As past practices of analyzing historical data give way to analyzing data in real time or near-real-time, businesses are increasingly demanding that their business intelligence tools be capable of handling streaming data from Internet of Things networks, social applications and cloud systems.
Market researcher IDC forecasts that the volume of generated data will increase by a factor of 10 by 2025. More importantly, 25 percent of that data will be real time – with 95 percent of that data streaming from IoT systems.
"A lot of businesses have come to the conclusion that data is relevant. But they have also discovered that they don't know how to integrate data, analyze it and use it to gain insights," said Dennis Wilbrink, a data and analytics consultant at Incentro, a Netherlands-based solution provider and longtime Pentaho partner.
Anticipating the growing demand for ways to derive value from all that data, Hitachi acquired business analytics software developer Pentaho in 2015.
The company recently combined the Pentaho business with its Hitachi Data Systems and Hitachi Insight Group operations within Hitachi Vantara, a wholly owned subsidiary.
"Pentaho 8.0 is really all about improving connectivity to these real-time data streams," said Arik Pelkey, senior director of Pentaho product marketing, in an interview with CRN.
Pentaho 8.0 offers improved connectivity to streaming data sources, most notably the Kafka Streams publish/subscribe messaging system that handles large data volumes in a growing number of IT organizations. The 8.0 edition specifically enables real-time processing with specialized steps that connect Pentaho Data Integration to Kafka.
The new release also fully enables stream data ingestion and processing using either the software's native engine or the Spark in-memory processing engine.
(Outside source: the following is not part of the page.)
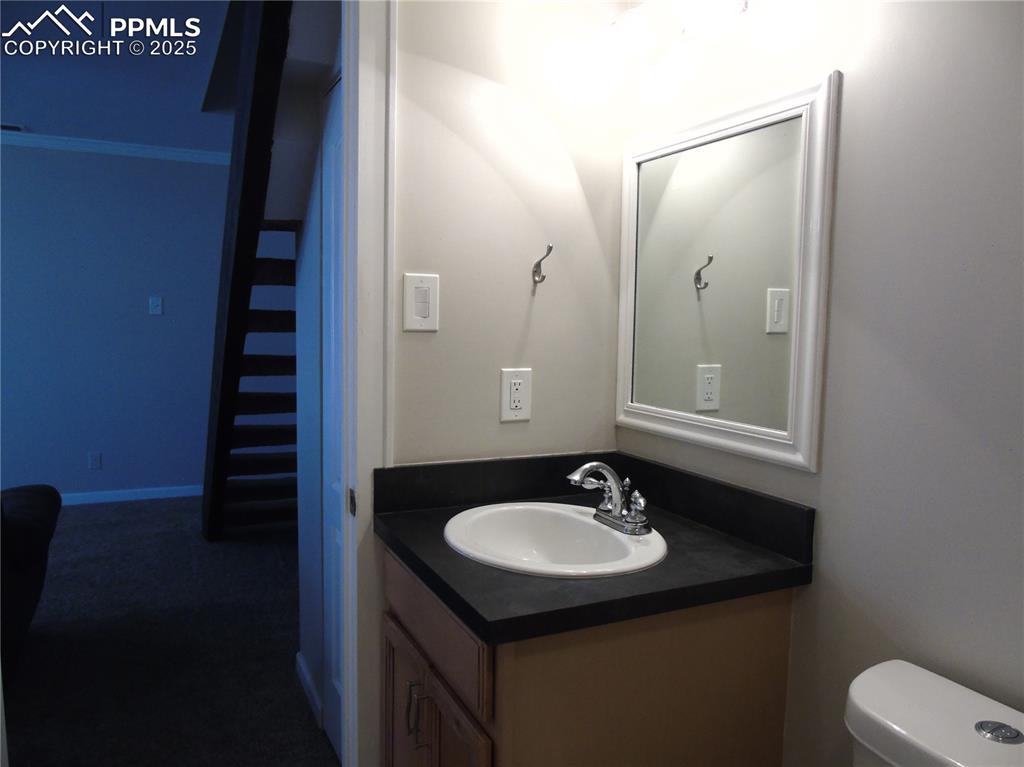 Image 14 of 29: Bathroom featuring vanity and toilet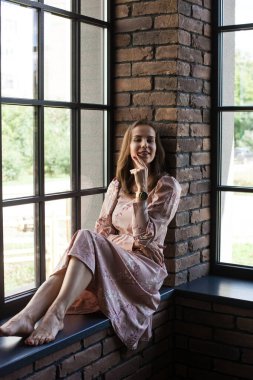 Pembe elbiseli güzel bir kadın pencerenin kenarında çıplak ayakla oturuyor.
Those new capabilities will help meet the demands that Incentro is seeing from customers for the ability to handle streaming data from IoT systems, automotive systems and financial service systems, said Wilbrink in an interview with CRN.
"The notion of streaming data is becoming increasingly important to critical business operations," Incentro's Wilbrink said, pointing to use cases in financial services and telecommunications.
While Wilbrink said Pentaho 7.1 offered some real-time analytical capabilities, "with the release of 8.0, they have a done a lot of development on the streaming data side."
The new Pentaho release builds on its enterprise-level security for Cloudera and Hortonworks platforms by supporting the Knox Gateway for authenticating users for Hadoop services.
The 8.0 edition also provides a number of new features and functions to help IT optimize data processing resources.
Adaptive execution, which matches workloads to the most appropriate processing engine without rewriting data integration logic, was introduced in Pentaho 7.1. The 8.0 release makes it easier to set up, use and secure adaptive execution. It also makes adaptive execution available for the Hortonworks platform.
The 8.0 release allows IT managers to utilize additional compute nodes and spread workloads across all available computation resources to match demand. It also supports the popular Avro and Parquet big data file formats.
Wilbrink said the enhancements move data processing closer to where the data resides, significantly speeding up processing times.
The Incentro data and analytics consultant said he has been evaluating the community edition of Pentaho 8.0, which came out earlier, and has been waiting for the general availability of the commercial release.
Another focus of the 8.0 release is speeding up the development and implementation times for business analysis projects.
"There's a shortage of big data developers. So you want to get the most out of those resources," Pelkey said, noting that between 60 percent and 80 percent of business analysis projects' time is spent on data preparation.